Malgorzata Bany showcases Jesmonite tables and lamps at The New Craftsmen
Furniture maker Malgorzata Bany presents objects made from resin-based material Jesmonite in a London Design Festival exhibition at The New Craftsmen showroom in Mayfair.
Slade-trained maker Bany produces lighting and furniture using Jesmonite, a durable manmade material produced with a mineral base and water-based acrylic resin.
She is showing three side tables, a low table (she prefers the term to coffee table), a console table and two different types of lamp in two finishes.
These are complemented by a selection of accessories: bowls, platters and vases, in a natural-looking brown that resembles polished wood and plaster-toned beige.
The objects will are displayed throughout the festival as a curated room set, alongside Bany's pick of items from The New Craftsmen's collection.
The designer's sensuous pieces have a plaster-like finish, but are stronger than works made in plaster and are cool to the touch like stone. The durable material can also be cast to resemble wood, stone or other materials.
Bany began working with jesmonite on the recommendation of her former tutor when a plaster piece broke.
"It looks similar but you can do so many more things with it. You can laminate it, it's more flexible, it pigments very well. It's better than plaster for many things," she told Dezeen.
Bany's relationship with The New Craftsmen – a retail space set up six years ago to nurture and promote British craft and its makers – began in 2015 when she first sold a collection of furniture through the Mayfair store.
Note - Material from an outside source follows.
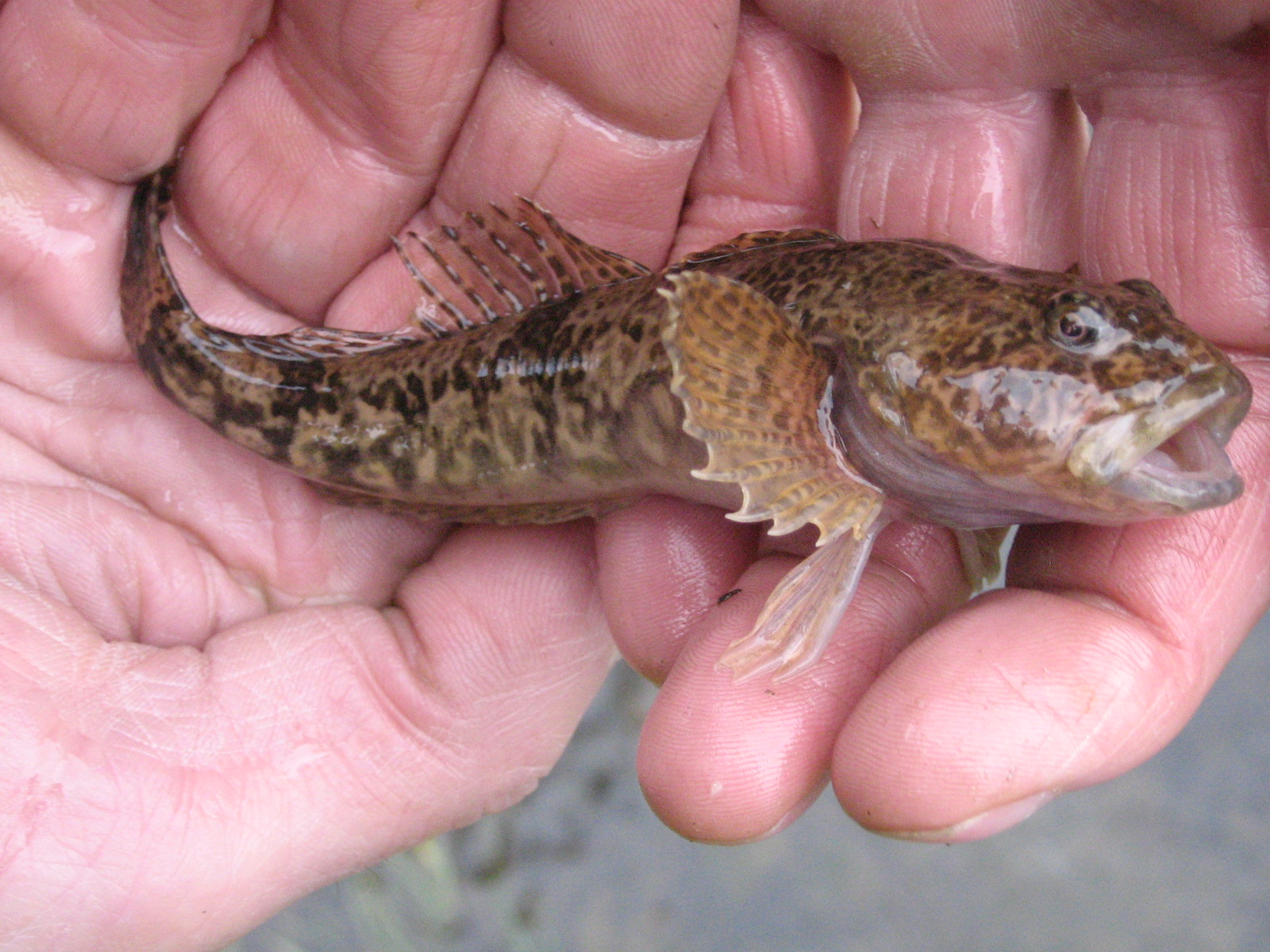 Die nachtaktive, schwimmschwache Koppe ist verstärkt auf Deckungsmöglichkeiten, wie zum Beispiel Totholz, durchspülte Wurzeln, Steine oder Kiesbänke, angewiesen. 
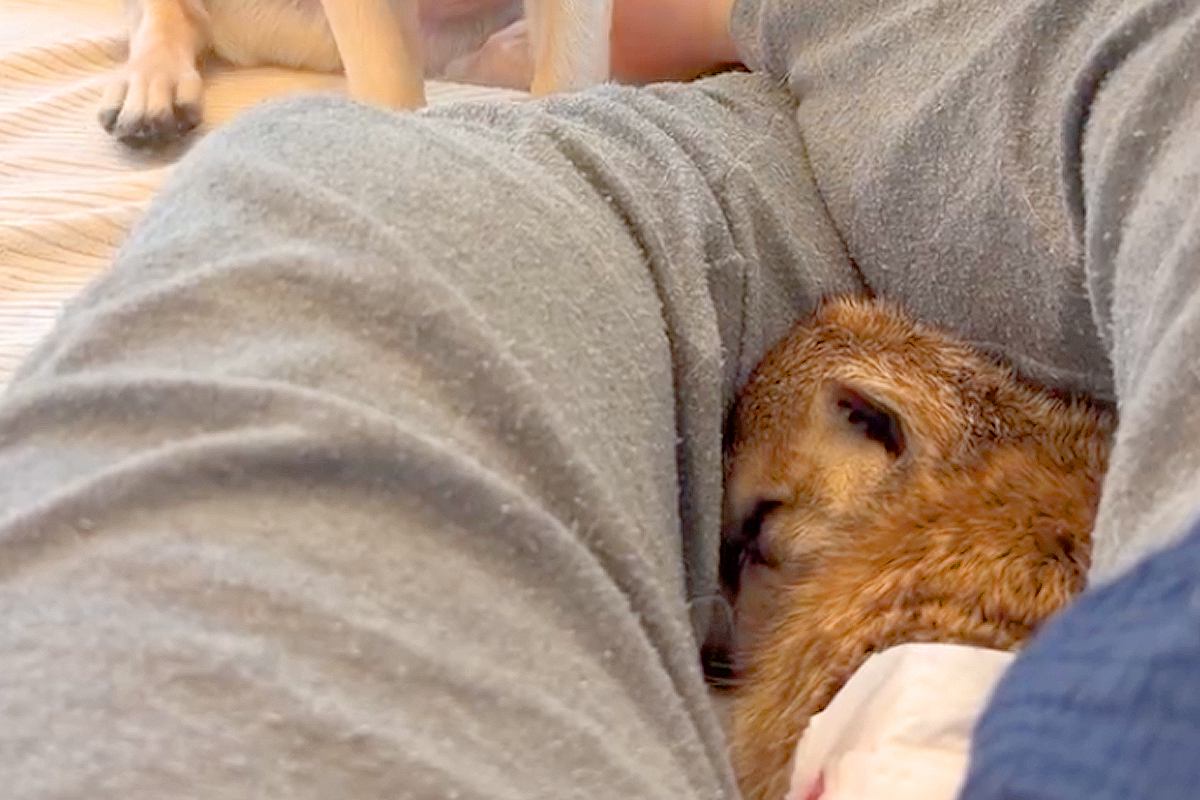 『眠りたいミーアキャット』と『遊びたい生後10ヶ月の犬』→思わずニヤける『圧が凄すぎる光景』が106万再生「顔がｗｗ」「近すぎて草」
"She applies the same consideration to simple domestic objects as she does to monumental sculptural furniture and, in doing so, creates moments of ritual and serenity in the everyday," said Natalie Melton, co-founder of The New Craftsmen.
The designer has a manufacturer who helps her by making the larger pieces, but she makes the smaller accessories herself, as well as bespoke items.
For these, she carves the shape into rigid foam mould and then sands it and coats it, working into the negative space. Once it's cast, the mould is ripped apart to reveal the piece.
"Every piece is always going to be different. Because I'm not sculpting the object but rather the mould, it has to be very intuitive. It's a bit of guesswork," she said.
For this exhibition, she has created a new capsule collection of table lights in two organic shapes that resemble small hillocks, one rounded, the other flatter, which are paired with delicate tall paper shades. Thin metal stems connect the two.
Bany explains that she is most concerned with the volume of the finished object, with its function being a secondary concern that leads her to an interesting creative solution.
"If you consider that a table needs something flat, or a bowl needs something concave, starting from these principles you can build on top of that. Sometimes thinking this way around is more interesting," she said.
"What I really care about is the volume, the weight of a thing, and that leads me. It might still end up as a table with four legs but the route is more interesting."
Many makers will present work made in glass during the London Design Festival, including Ron Arad, Studio Sahil and Jana Němcová.
The city-wide festival runs from 15 to 23 September, but the exhibition at The New Craftsmen will continue until 14 October.